CeCe McDonald Needs Your Help

Cis allies: this is where the rubber meets the road in terms of supporting the trans community. Trans siblings: this is a perfect example of a time when we must support each other.

From Support CeCe at wordpress.com (TRIGGER WARNINGS FOR TRANSPHOBIC, RACIST VIOLENCE):

Chrishaun “CeCe” McDonald is a young African American transgender woman charged with “second degree murder” after an incident that began when she was violently attacked because of her gender and race.

CeCe is a creative and energetic person who, before her life was so unjustly interrupted, was studying fashion at MCTC. She had a stable home where she lived with and helped support four other African American youth, her family. CeCe’s family describes her as a leader, a role model, and a loyal friend.
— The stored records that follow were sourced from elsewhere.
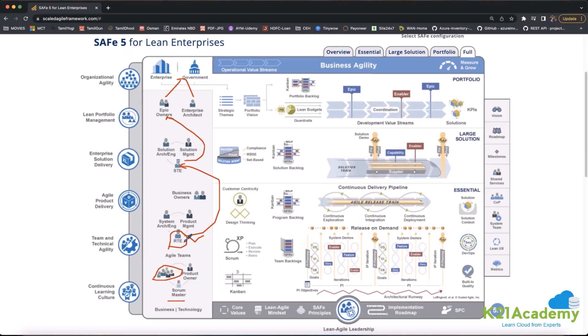The RTE determines the current sprint length — for example six weeks — during which multiple scrum teams, perhaps ten teams, work together to deliver a product. This process is called an ART — Agile Release Train. In SAFe, we don't call it a sprint; we call it an ART. The analogy is a train going from one destination to another. The RTE decides the release features, timelines, and how many teams participate.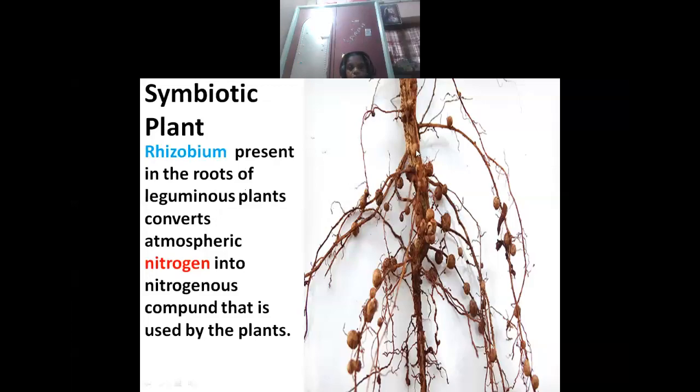Leguminous plants contain root nodules. Now you can see that bead-like structures are called Rhizobium. In this Rhizobium, the plants are storing nitrogen. The plants store excess nitrogen and this nitrogen is going to be converted into nitrogenous compounds and used by the plant. The nitrogenous compounds can be used through this symbiotic relationship.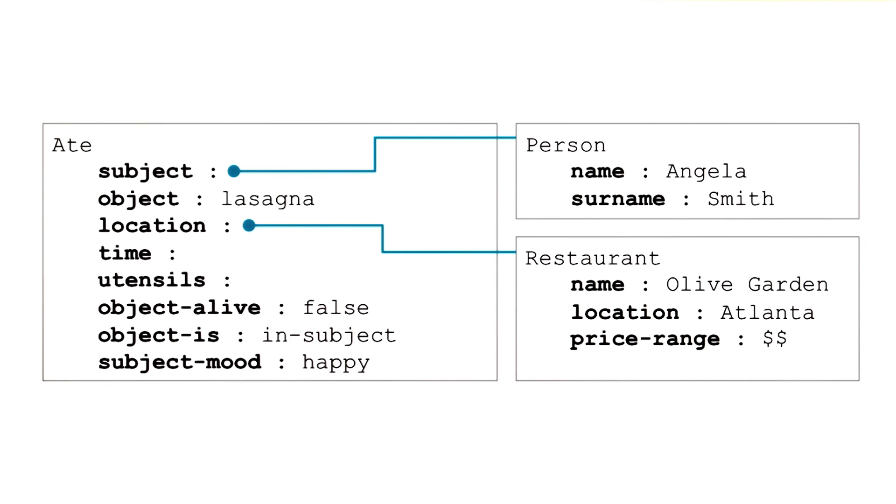That's a good point, David. So far we have been talking about sentence level understanding. The sentence that Angela ate lasagna at Olive Garden with her dad, for example. But we can also talk about discourse level understanding. A discourse may contain a series of sentences, one after the other.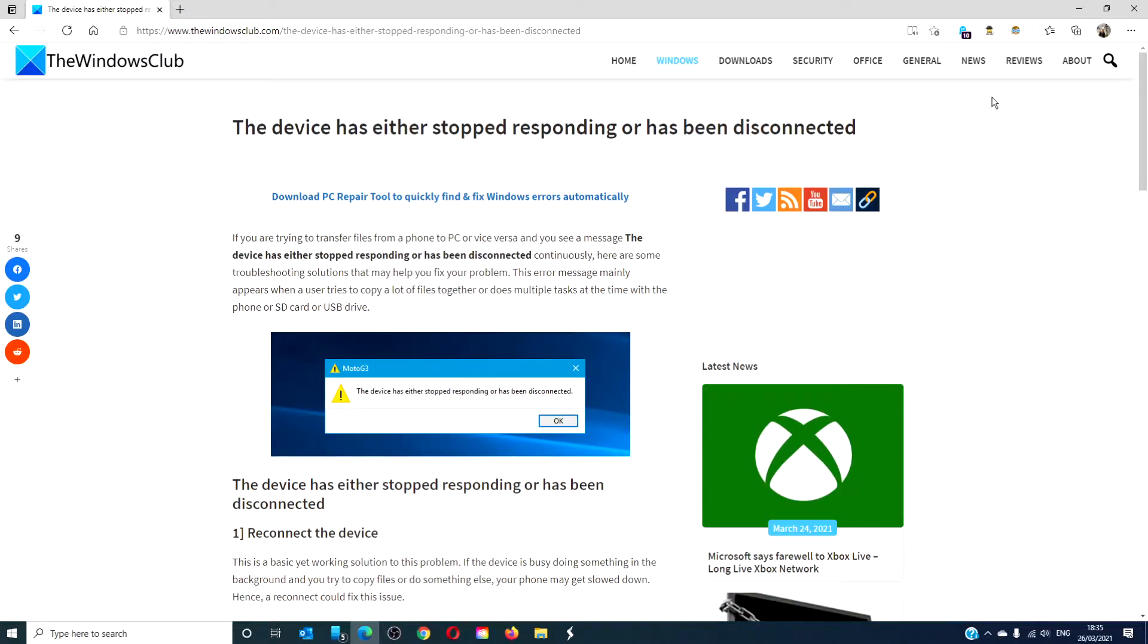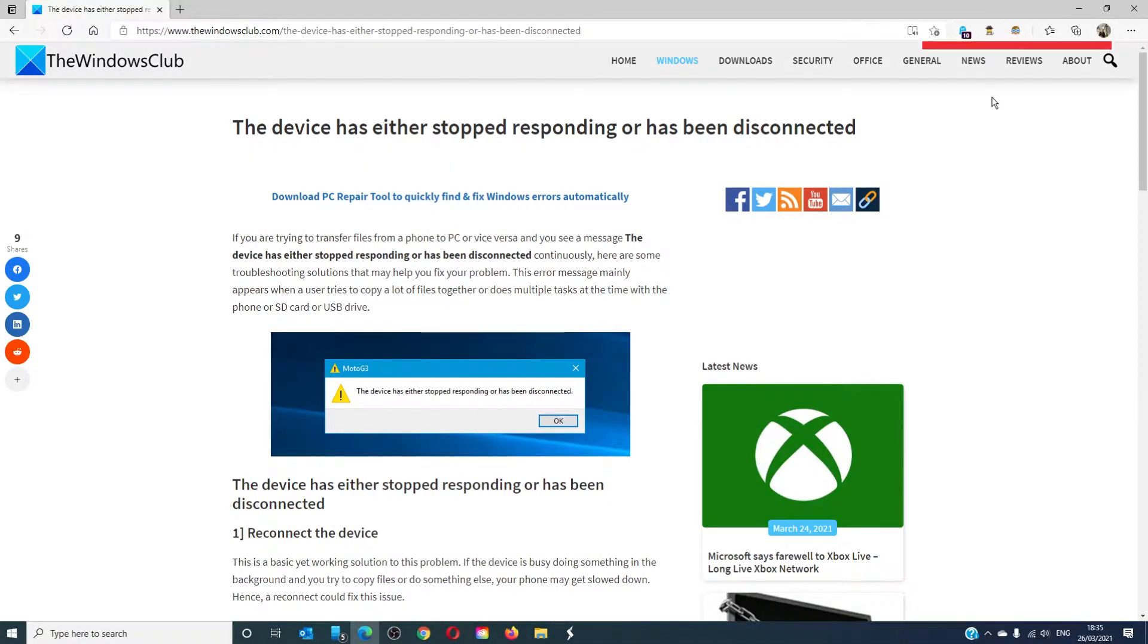Hello Windows Universe! In this video we will talk about if getting the device has either stopped responding or has been disconnected error.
She is known as a wise, out-spoken, and welcoming person, with a cheerful disposition and a history of handling prejudice with amazing grace.
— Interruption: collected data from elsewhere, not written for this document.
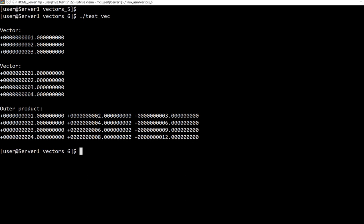And we see each value from the first vector is multiplied by each value from the second vector. So we have first multiplied by one, giving us one, two, three. Then multiplied by two, giving two, four, six. Multiplied by three, giving three, six, nine. And multiplied by four, giving four, eight, twelve.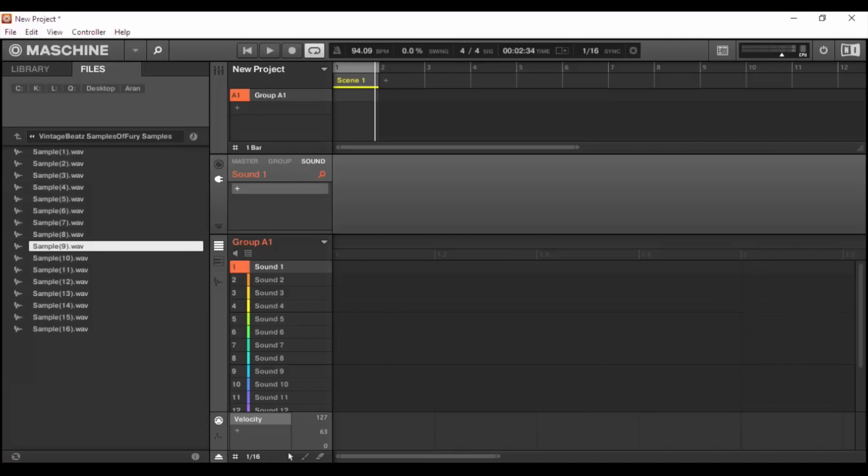What's going on ladies and gentlemen, this is James Jackson with machinemasters.com checking in with another exclusive Machine Masters tutorial. What we're going to talk about in this tutorial is the brand new feature to the 2.4.6 update, which is the manual chop mode. What this allows you to do is slice your samples in real time.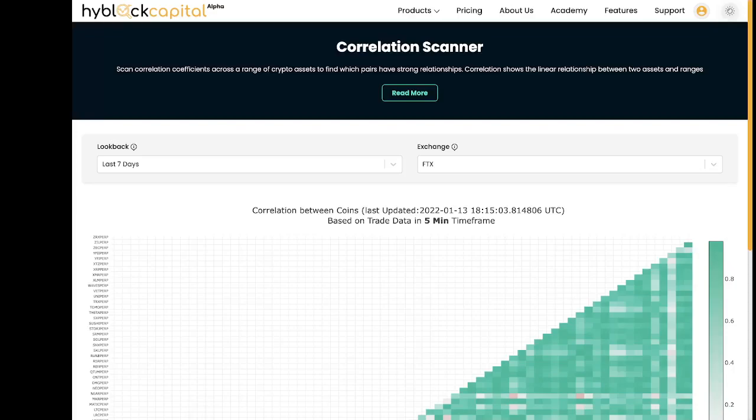Hello everyone, welcome back to another tutorial video on HiBlock. In today's video we'll be covering HiBlock's correlation scanner.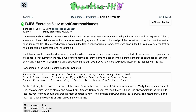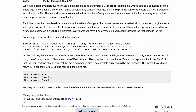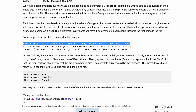We're working on a pretty big problem today - Exercise 6.16, most common names. We want to write a method named mostCommonNames that accepts a parameter of type Scanner. We'll make it public static with a return type of int. Each line contains a set of first names separated by spaces. Our method should print the name that occurs most frequently in each line, and also return the total number of unique names in the file. We assume no name appears on more than one line.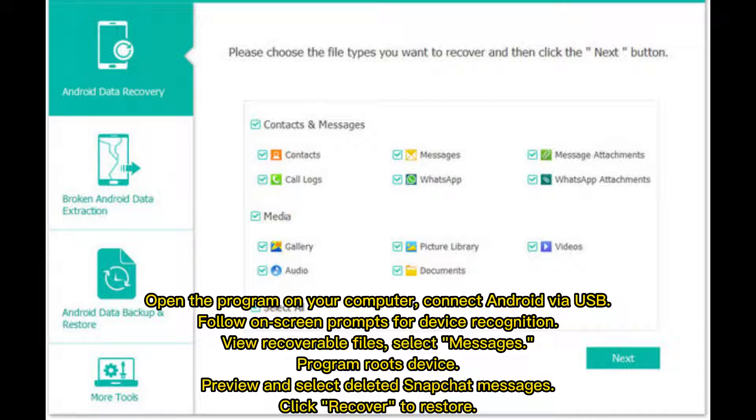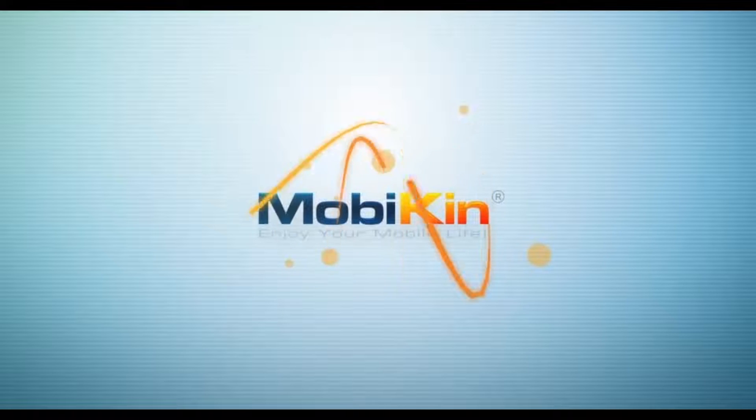The program roots the device, then preview and select the deleted Snapchat messages you want, and click recover to restore them.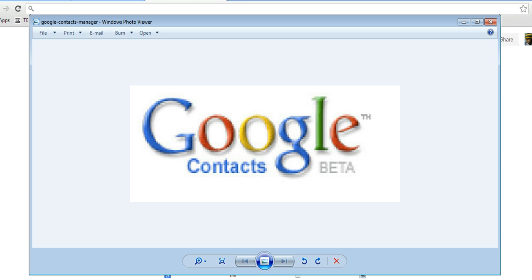The beauty about Google Contacts is that it synchronizes all your Google services like Gmail, Google+, and other Google Apps. It carries your contacts through all the Google services.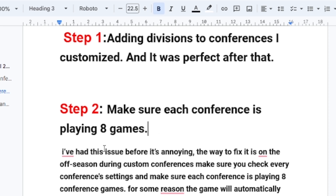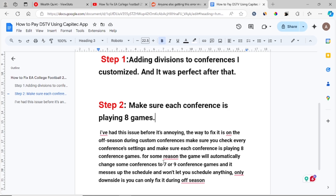I've had this issue before — it's annoying. The way to fix it is during the off-season in custom conferences: check every conference's settings and make sure each conference is playing eight conference games. For some reason, the game will automatically change some conferences to seven or nine conference games, which messes up the schedule and won't let you schedule anything. You can only fix this during the off-season.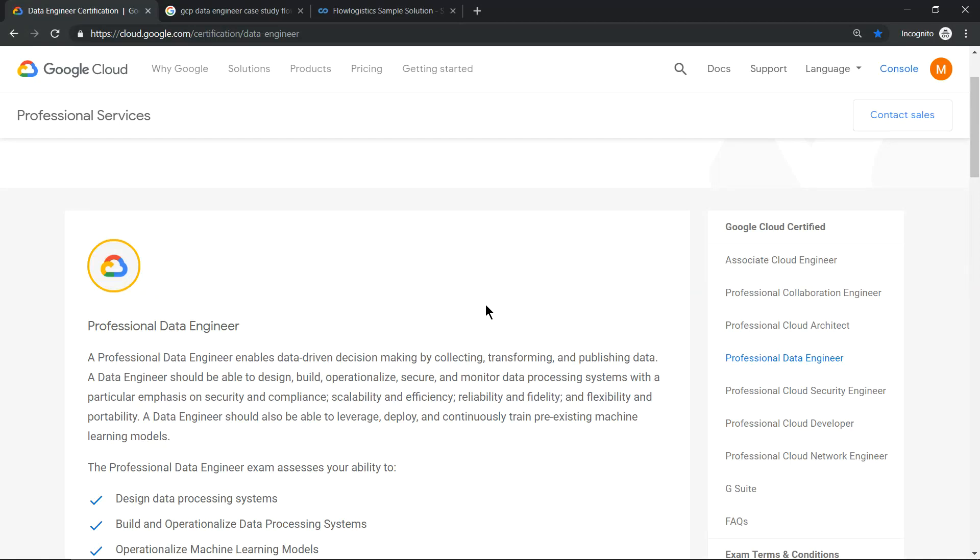Hello everyone, welcome to my YouTube channel Learn GSP with Mahesh. Today we'll see an update on Google Professional Data Engineer certification. I had taken the certification last year in April.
Around 12:30 am on June 5, CeCe and four of her friends (all of them black) were on their way to Cub Foods to get some food. As they walked past Schooner’s Bar in South Minneapolis, a man and two women (all of them white) began to yell epithets at them. They called CeCe and her friends ‘faggots,’ ‘niggers,’ and ‘chicks with dicks,’ amongst other things.

As they were shouting, one of the women smashed her drink into the side of CeCe’s face, slicing her cheek open, lacerating her salivary gland, and stinging her eyes with liquor. A fight ensued, with more people joining in. What happened during the fight is unclear, but within a few minutes Dean Schmitz–one of the attackers–had been stabbed.
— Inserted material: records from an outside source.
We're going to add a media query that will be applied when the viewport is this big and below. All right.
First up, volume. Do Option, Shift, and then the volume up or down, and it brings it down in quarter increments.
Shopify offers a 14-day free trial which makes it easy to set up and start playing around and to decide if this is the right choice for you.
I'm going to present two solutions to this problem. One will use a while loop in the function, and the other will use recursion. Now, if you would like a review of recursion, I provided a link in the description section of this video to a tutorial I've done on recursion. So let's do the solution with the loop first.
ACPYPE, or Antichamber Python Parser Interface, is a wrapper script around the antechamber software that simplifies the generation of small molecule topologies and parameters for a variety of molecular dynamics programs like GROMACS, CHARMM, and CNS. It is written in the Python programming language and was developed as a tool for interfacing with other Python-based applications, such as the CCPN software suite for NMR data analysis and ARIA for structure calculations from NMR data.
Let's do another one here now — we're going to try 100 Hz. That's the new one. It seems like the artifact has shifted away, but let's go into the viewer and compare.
CeCe was later arrested, and is now falsely accused of murder

For a month, CeCe was kept in solitary confinement “for her own protection”; she had no say in this matter. Finally, she was transferred to a psychiatric unit in the Public Safety Facility. It was nearly two months before she was taken back to a doctor to check up on the wound on her face, which by then had turned into a painful, golf ball-sized lump.

Later on, CeCe’s friends were harassed on the street by people they recognized from the scene of the fight. Individuals circled the block that CeCe’s friends were walking on and called them ‘niggers’ and ‘faggots’ and told them to ‘go back to Africa.’ When they attempted to wave down a passing squad car for assistance, the officer driving the car said he would not help them.

The website has all kinds of great ways to help. Many of them don’t even require you to leave your home. You can donate to help her with her bail. Every bit helps! You can write letters– to the editor, or in support of Cece. You can repost this far and wide. Any of my readers in South Minneapolis (do I have any?), or any of my readers from throughout the nation who feel like making a road trip, can show up to support her in court. You can distribute these great fliers.

But please, even if the only thing you do is spread the word by twittering, facebooking, tumblring or emailing this to friends, do not read this and do nothing.